Commercializing Enterprise-Grade Hadoop: Tools for Harnessing Petabyte Analytics
Hadoop is riding the hype wave right now. You’ll find many IT professionals who know just enough about Hadoop to be dangerous in a cocktail party setting, but not enough for their own comfort to respond to grilling from the chief technology officer or the geekier business executives.
If you’re slightly bewildered by all the buzz over this new technology with the funny-sounding moniker, you’re not alone. The official story is that Hadoop was the name of the inventor’s kid’s stuffed elephant. However, for most IT professionals, it could easily be an acronym for "Heck, Another Darn Obscure Open-source Project." The fact that Hadoop, managed by Apache, includes subprojects with similarly opaque names--such as Pig, Hive, Chukwa, and ZooKeeper—contributes to the queasy feeling that this is an untamed menagerie of squealing beasties.
And if you’ve pegged Hadoop as an advanced analytics initiative to mine petabytes of unstructured information, prepare for further bewilderment. The Apache Hadoop project states that it develops open-source software for “reliable, scalable, distributed computing.” Yes, that’s true, but the better-informed among you may be puzzling over the linkages that people often draw between Hadoop, in-database analytics, and MapReduce.
So what exactly is Hadoop, and, just as important, why should enterprise analytics professionals care? As I discussed it in my Forrester report late last year on in-database analytics, Hadoop is primarily for advanced analytics in cloud environments. At heart the Apache Hadoop project defines an analytic processing pushdown workflow model and distributed analytic file store for analyzing unstructured information sets. But the range of subprojects goes well beyond that to encompass a distributed columnar database, data warehousing infrastructure, MapReduce interface, ad-hoc query language, data collection capability, and other utilities for development and management of Hadoop clusters.
Consider Hadoop the cornerstone of the sprawling collection of next-generation technologies known as “No SQL.” Hadoop, like many No SQL technologies, is still primarily an open-source community and has not yet made the critical transition into a mature enterprise-grade analytics market segment. However, Forrester has seen increasing incorporation of Hadoop technologies and interfaces in recent months into the solution portfolios enterprise data warehousing (EDW) vendors—most notably, Teradata, IBM, Aster Data, Greenplum, and Vertica—and business intelligence (BI) vendors such as Pentaho and MicroStrategy.
We see most startup activity in the Hadoop space—from companies such as Cloudera and Datameer--focusing on solutions that are completely open: open source, open standards, open architectures, and open to service-oriented integration into any SaaS/cloud-based analytics environment. If you want to check out the range and maturity of Hadoop adoptions built on open-source codebases, visit the Hadoop “powered by” wiki.

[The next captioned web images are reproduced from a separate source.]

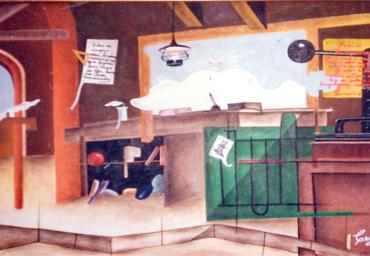 1996 – Prensa – Acrílica s tela – estilo tracista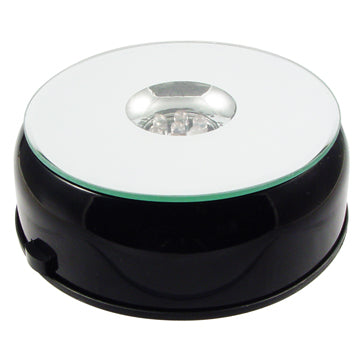 Black Cube Base with White Lights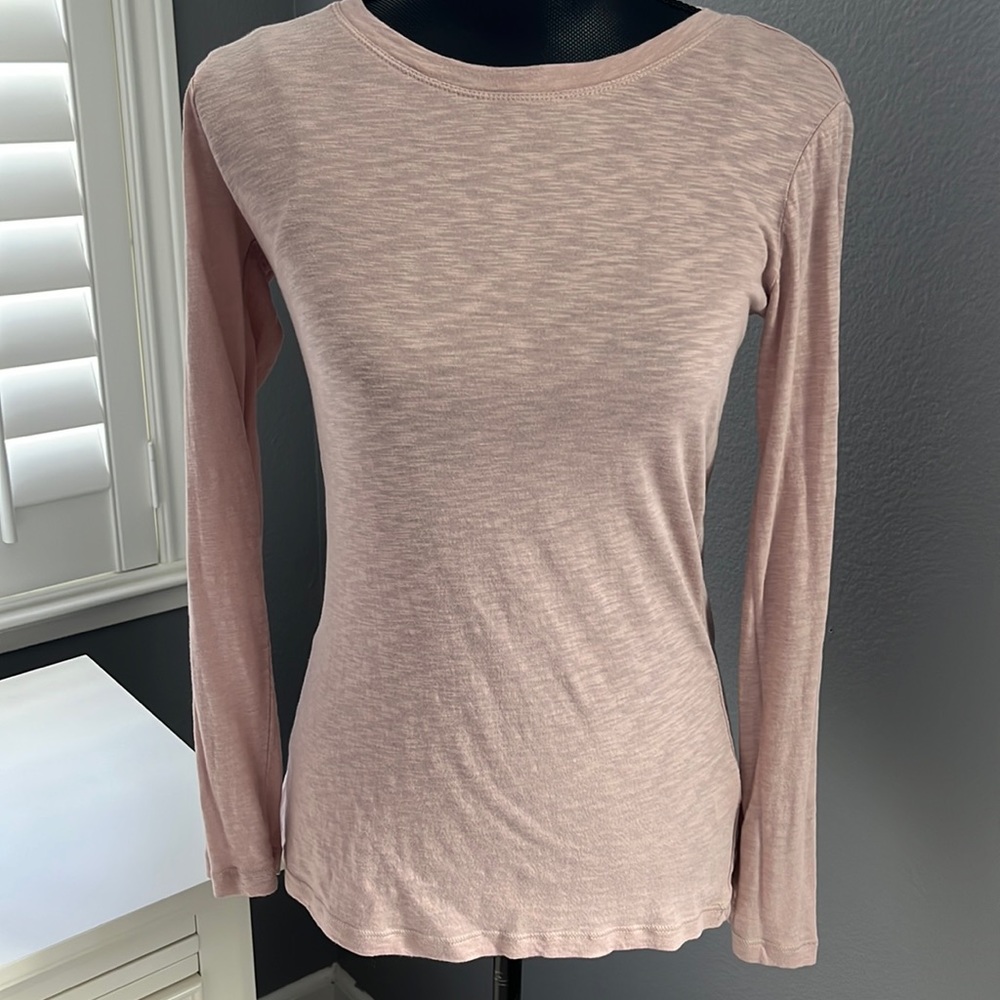 Caslon Scoop Neck Long Sleeve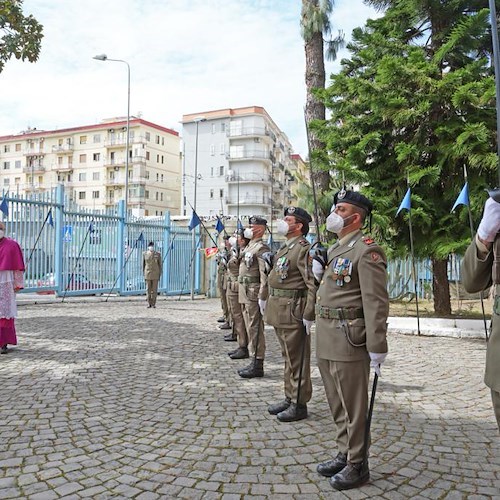 Salerno, la reliquia di San Giorgio Martire arriva alla Caserma D'Avossa /FOTO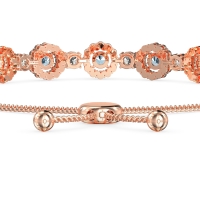 Bolo Gemstone Circle Link Bracelet
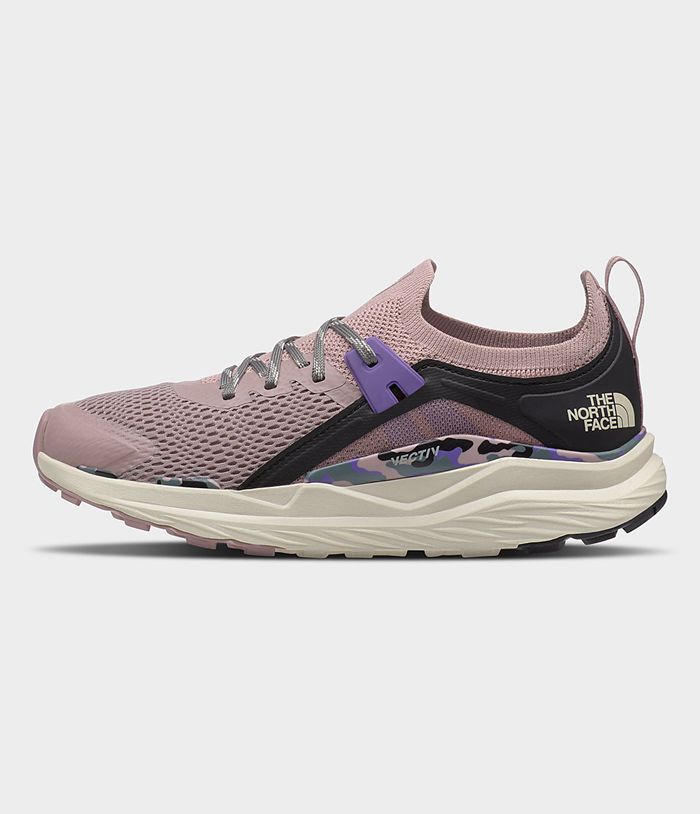 The North Face VECTIV Hypnum EP Womens Hiking Shoes Rose/Purple 218975-MOU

Note how many of these deployments are for inline analytics, natural language processing, sentiment analysis, social network analysis, social media monitoring, semantic search, and intelligent Web harvesting—in other words, all the core applications that Forrester includes under advanced analytics. Many of the first-generation Hadoop solution providers have tended to disparage traditional EDWs as unsuitable for the extremely complex content, rules, and models that characterize most Hadoop applications.
Though there is some kernel of historical truth to this viewpoint, many, if not most, of the leading EDW vendors have addressed these limitations in the past few years through a renewed emphasis on in-database analytics, complex content, predictive analysis, and MapReduce. Some EDW vendors (listed above) have even taken the baby step of incorporating interfaces from their platforms to external Hadoop clusters. However, no traditional EDW vendor has, as yet, built Hadoop’s distributed unstructured filestore (Hadoop Distributed File System) or structured columnar database (HBase) into their core architectures. Forrester expects that at least 2-3 of the leading EDW vendors will begin to go down that road in the coming year.
Is Hadoop a stand-alone market in the advanced analytics arena? At Forrester, we don’t believe, long term,that a stand-alone Hadoop platform/tool segment will emerge. This technology is a natural extension to vendors’ and their users’ EDW, BI, in-database analytics, petabyte scaling, and other advanced analytics strategies.
Nevertheless, we’ve seen recent launches of enterprise-grade Hadoop tools both from startups and from established analytics companies such as IBM, Pentaho, and MicroStrategy. We see other vendors of commercialized Hadoop tools coming along, most of them coming from the hugely innovative open-source and consulting community that sprung up around the Yahoo- and Google-pioneered core cloud-oriented technologies. Many of these pure-plays will undoubtedly be acquired by leading EDW, BI, and advanced analytics in the next 2-3 years as they prove out their capabilities.
Most of the Hadoop startups are trying to reinvent the EDW for the new age of complex content and predictive analytics in the cloud. They are adding query, exploration, modeling, metadata, workload management, job scheduling, cluster administration, security and other features to appeal to enterprises and service providers who need a robust open-source software platform. You can best believe that all the established EDW vendors are paying close attention to these efforts and tuning their development and acquisition strategies accordingly.
To date, no traditional enterprise has built their entire advanced analytics strategy on Hadoop or its kindred framework MapReduce, though increasing numbers of nouveau Web 2.0 service providers have oriented their business models around it. As commercial, robust Hadoop platforms emerge over the next several years and are integrated into users’ core EDW platforms, you can expect to see the Hadoop footprint in the average enterprise grow—especially with users who have outsourced much of their analytics to the cloud.
But Hadoop is still very much a futures discussion that the average EDW professional should monitor as it moves inexorably toward maturity. As unstructured content, social media, and petabyte scaling move into your core BI strategies, you’ll need to familiarize yourself with this important new platform for analytics-driven business.